%%

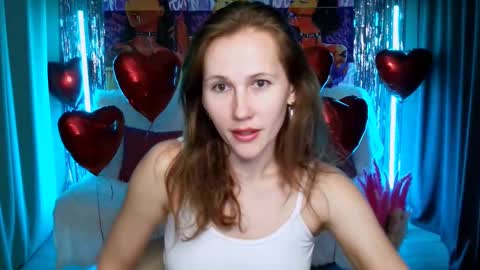 MichelleOrtis online show from February 16, 2:10 pm
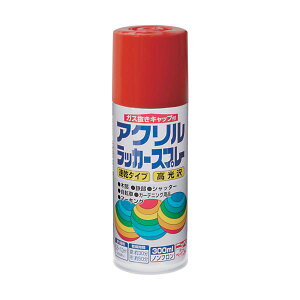 �j�b�� �A�N�������b�J�[�X�v���[ 300ml ���b�h HWE009-300 4976124270932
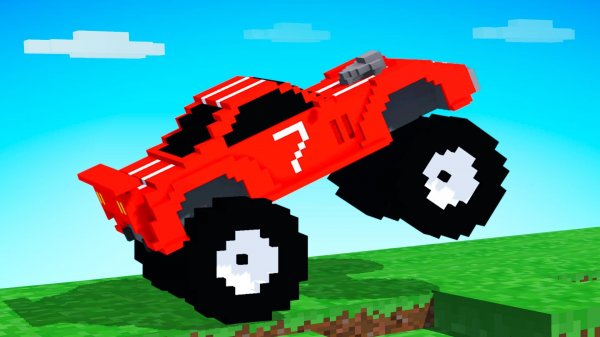 Hilltop Dash Arcade Racer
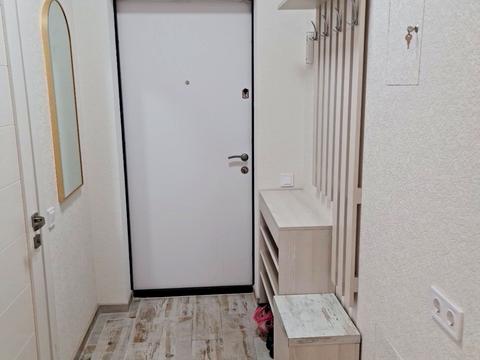 квартира по адресу Берестейский просп. (Победы), 5-В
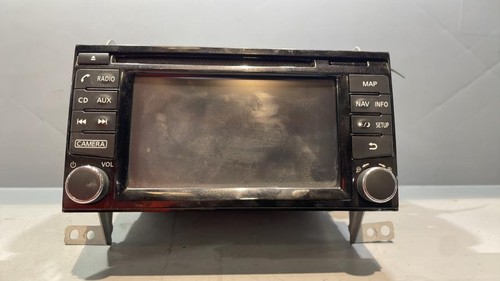 Gps nissan juke phase 2 - nissan,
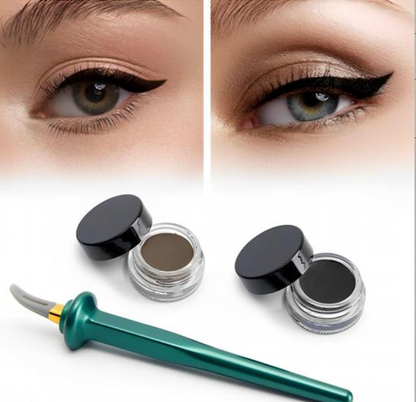 Eyeliner Applicator Tool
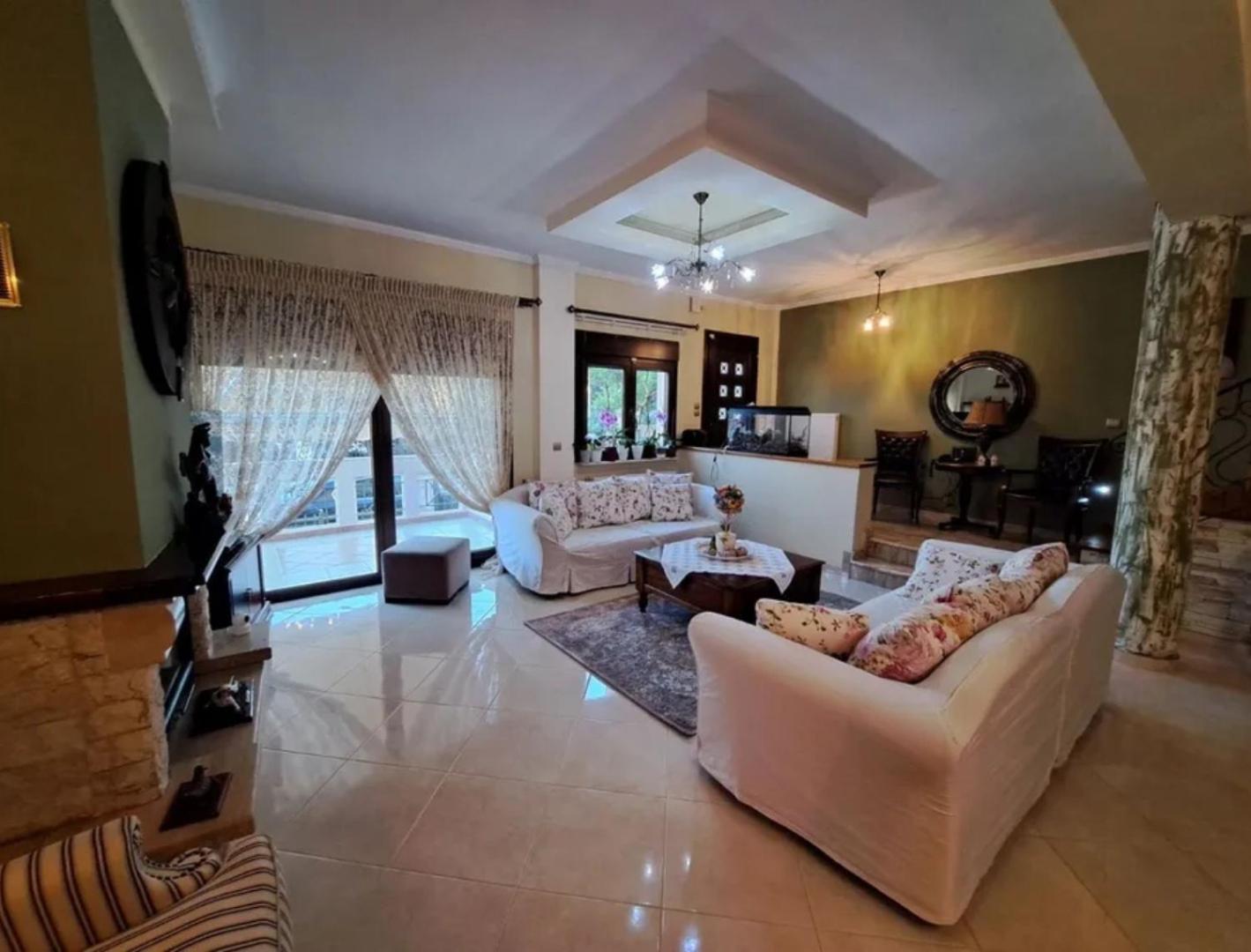 Family House Villa Alexandroúpolis Luaran gambar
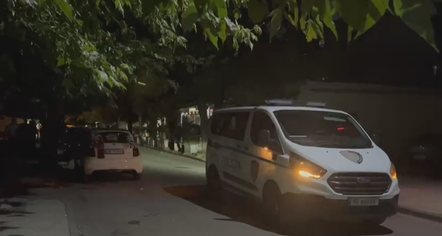 Ekskluzive/Atentati në Elbasan, autori i veshur për Halloween, iu afruan femijë për të luajtur, u zhduk në përrua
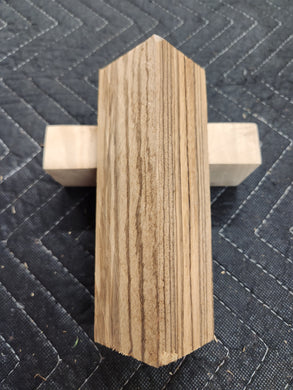 Zebrawood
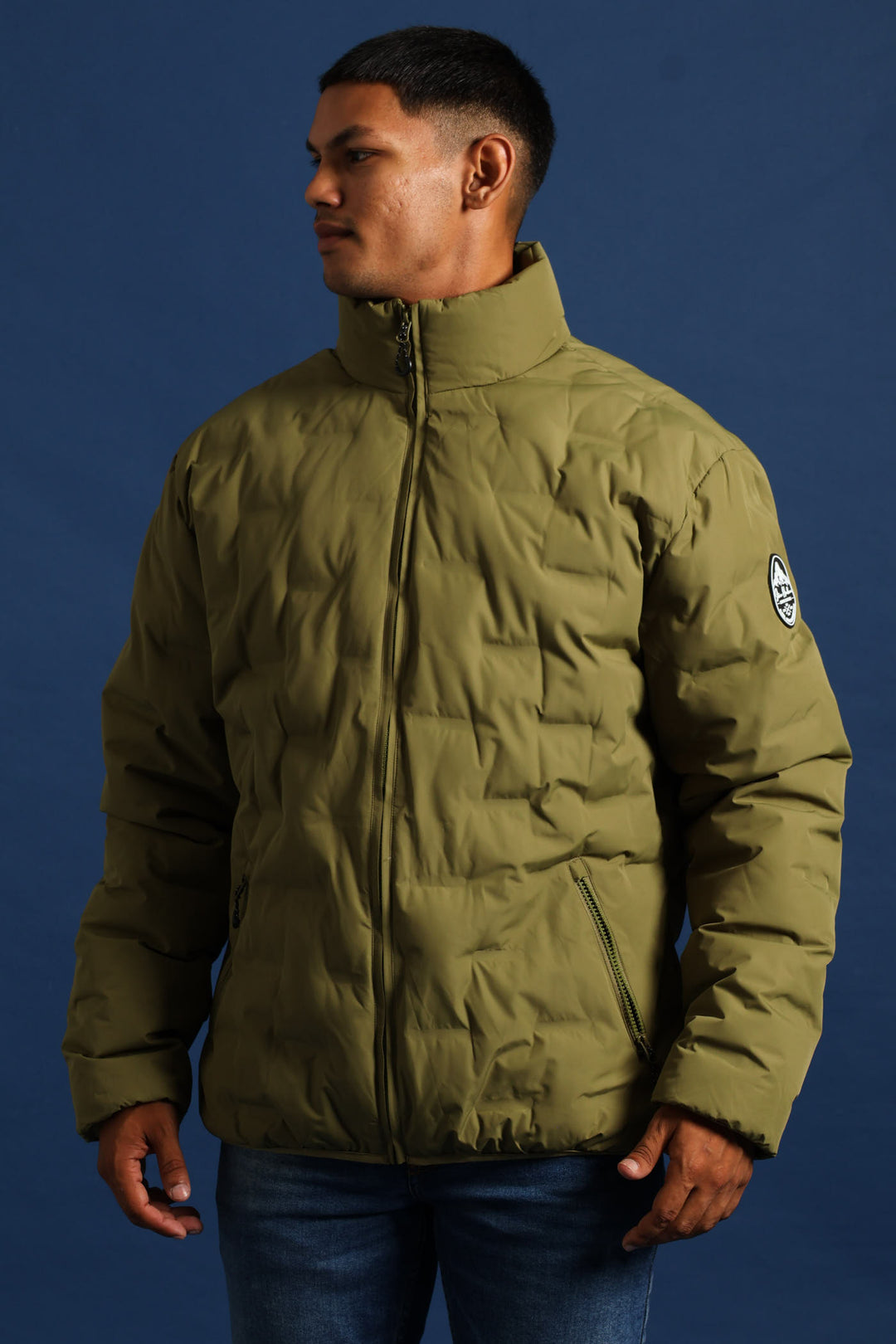 Heat Seal Puffer - Fatigue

%%

**What this task involves**
Output the listing exactly, pictures excluded.

**Written response**
 MichelleOrtis online show from February 16, 2:10 pm
 �j�b�� �A�N�������b�J�[�X�v���[ 300ml ���b�h HWE009-300 4976124270932
 Hilltop Dash Arcade Racer
 квартира по адресу Берестейский просп. (Победы), 5-В
 Gps nissan juke phase 2 - nissan,
 Eyeliner Applicator Tool
 Family House Villa Alexandroúpolis Luaran gambar
 Ekskluzive/Atentati në Elbasan, autori i veshur për Halloween, iu afruan femijë për të luajtur, u zhduk në përrua
 Zebrawood
 Heat Seal Puffer - Fatigue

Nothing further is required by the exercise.